** Opening THE RECORDS block **
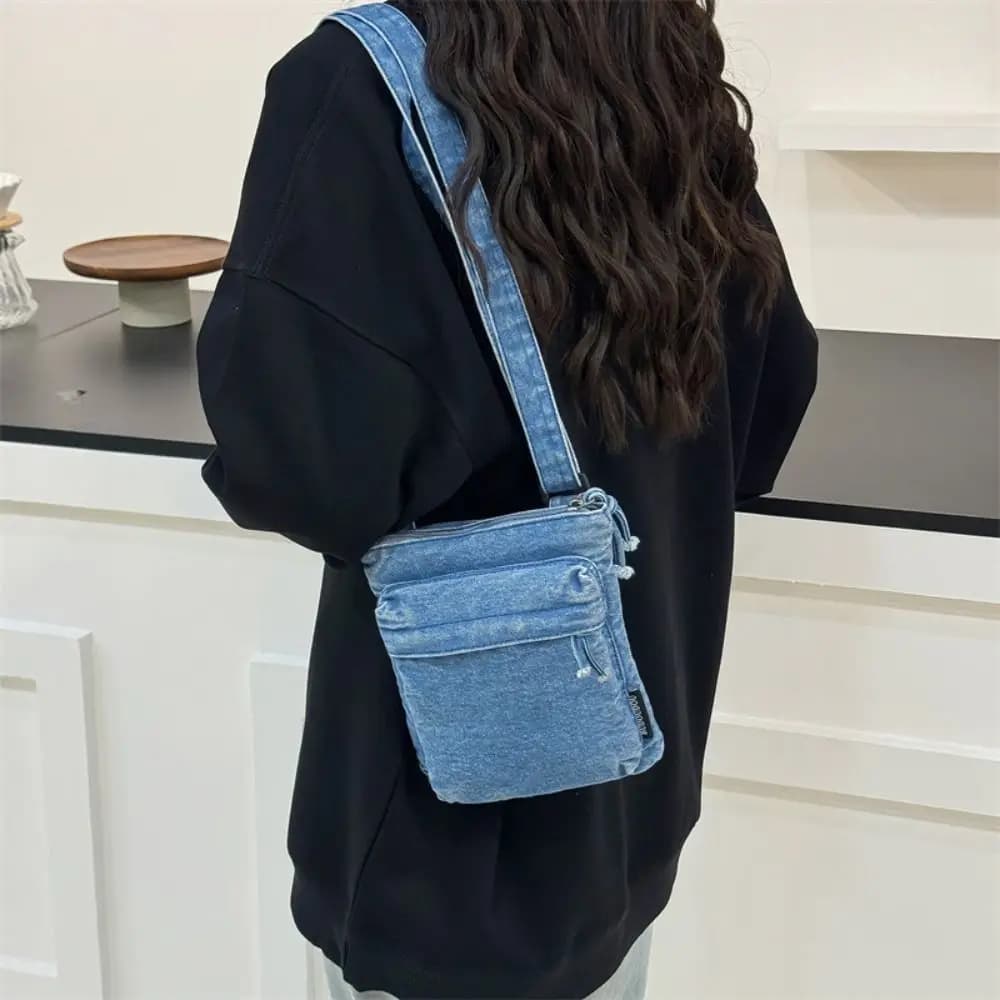 Solid Color Denim Crossbody Bag Versatile High Quality Mini Shoulder Bag Large Capacity Lightweight Design Mobile Phone Bag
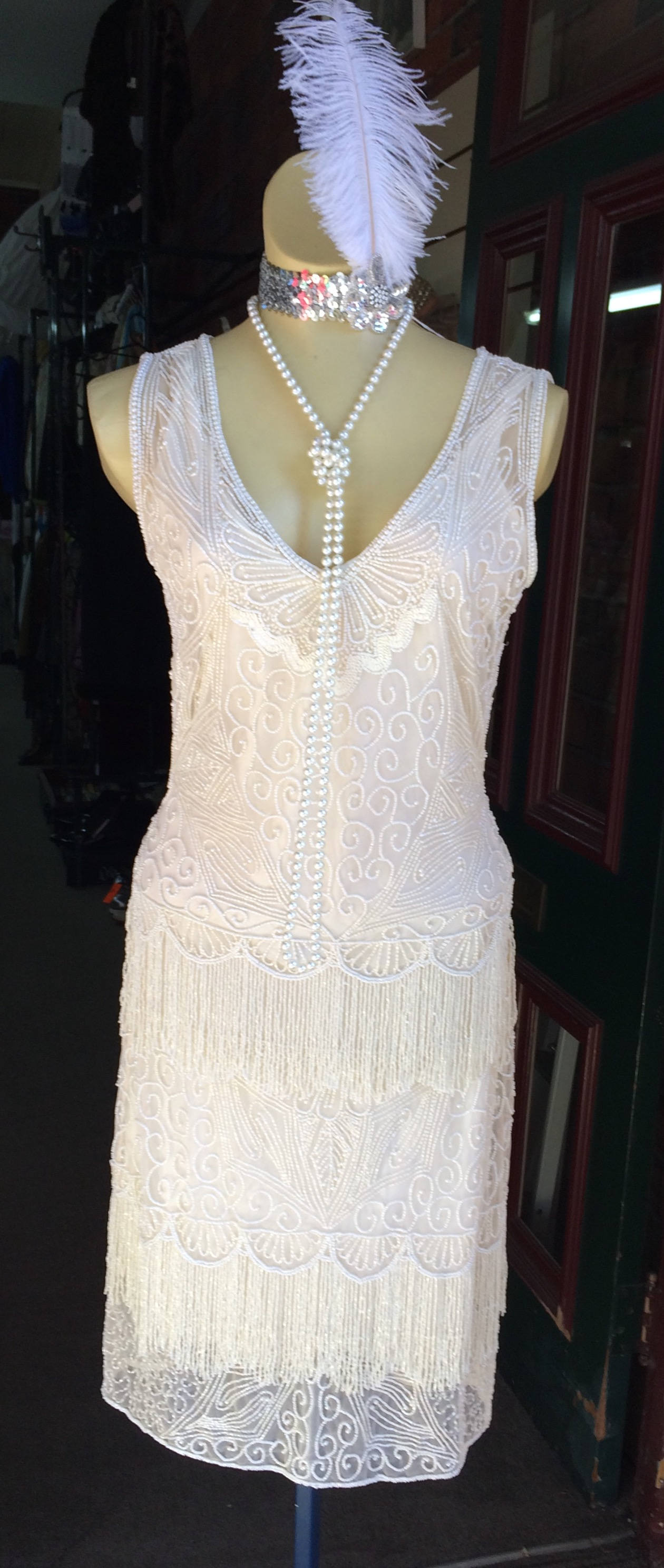 cream beaded flapper dress 1920s Dress, Hand-beaded Fringe Mikado A-Line Wedding Dress Color:Bleuet NO Regular Fit
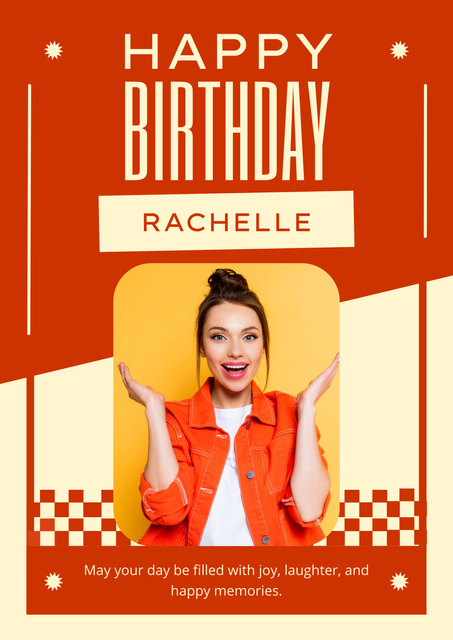 Happy Birthday to Beautiful Woman in Orange Poster – шаблон для дизайна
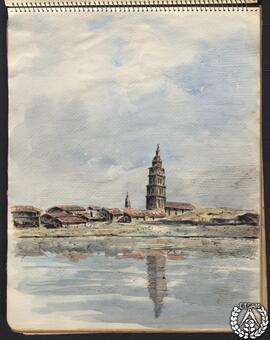 [Vista de municipio a la orilla de un río con torres de iglesias]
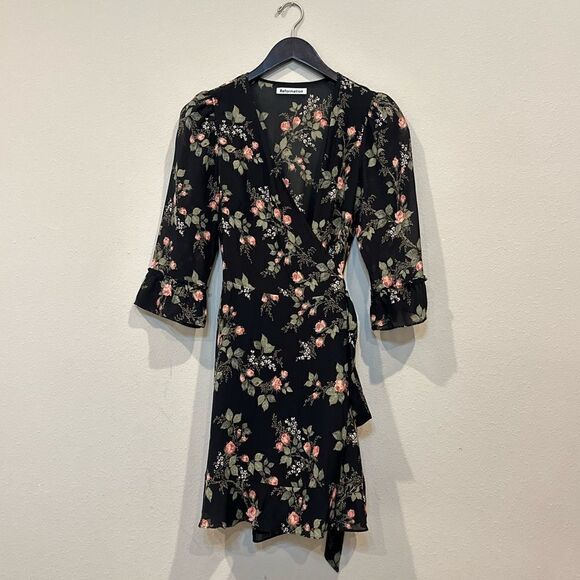 Reformation Zoe Wrap Dress Floral Rose Print Half Sleeve Small - Picture 3 of 14
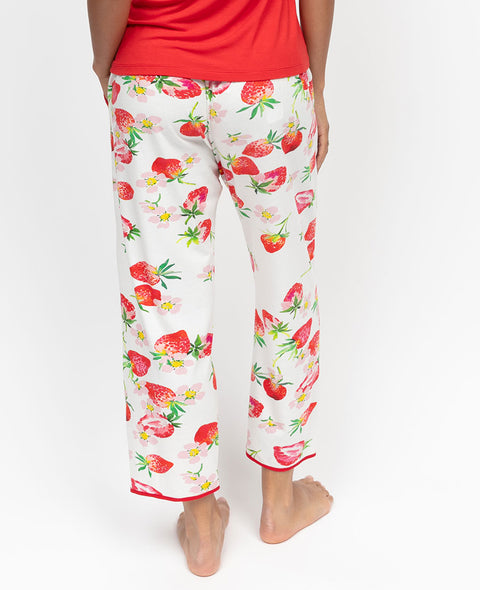Pippa Womens Strawberry Printed Jersey Cropped Pyjama Bottoms
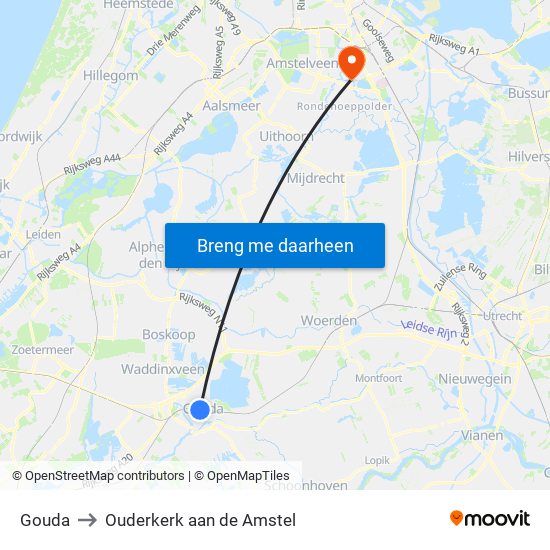 Gouda to Ouderkerk aan de Amstel map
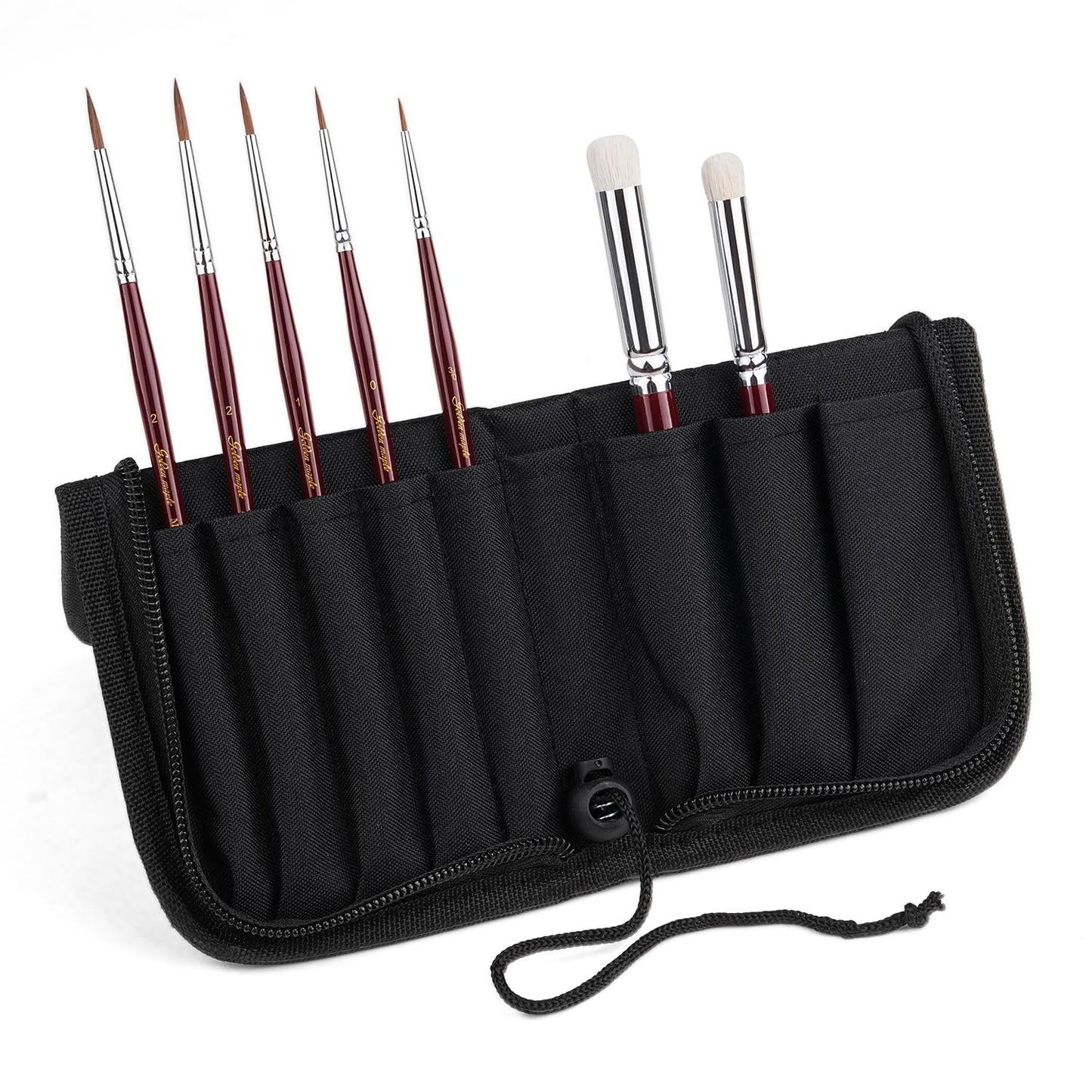 Kolinsky Sable Miniature Paint Brushes - Golden Maple 7pcs Detail Paint Brushes Drybrushes for Acrylic Watercolor, Small Fine Detail Paint Brush Set for Mini Paints (red)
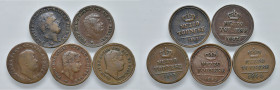 NAPOLI. Lotto di 5 monete. 1/2 Tornese 1844, 1845, 1851, 1853 e 1853 testa grande. CU. Gig 310; 311a; 318; 320; 322.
** Closing THE RECORDS block **
> **GOAL OF THE EXERCISE**: For this exercise, return exactly the lines above from the line with "[Vista de municipio" through the line with "Gouda to Ouderkerk aan de Amstel map", both included. Do not copy the pictures.

> **WRITTEN RESPONSE**:
 [Vista de municipio a la orilla de un río con torres de iglesias]
 Reformation Zoe Wrap Dress Floral Rose Print Half Sleeve Small - Picture 3 of 14
Pippa Womens Strawberry Printed Jersey Cropped Pyjama Bottoms
 Gouda to Ouderkerk aan de Amstel map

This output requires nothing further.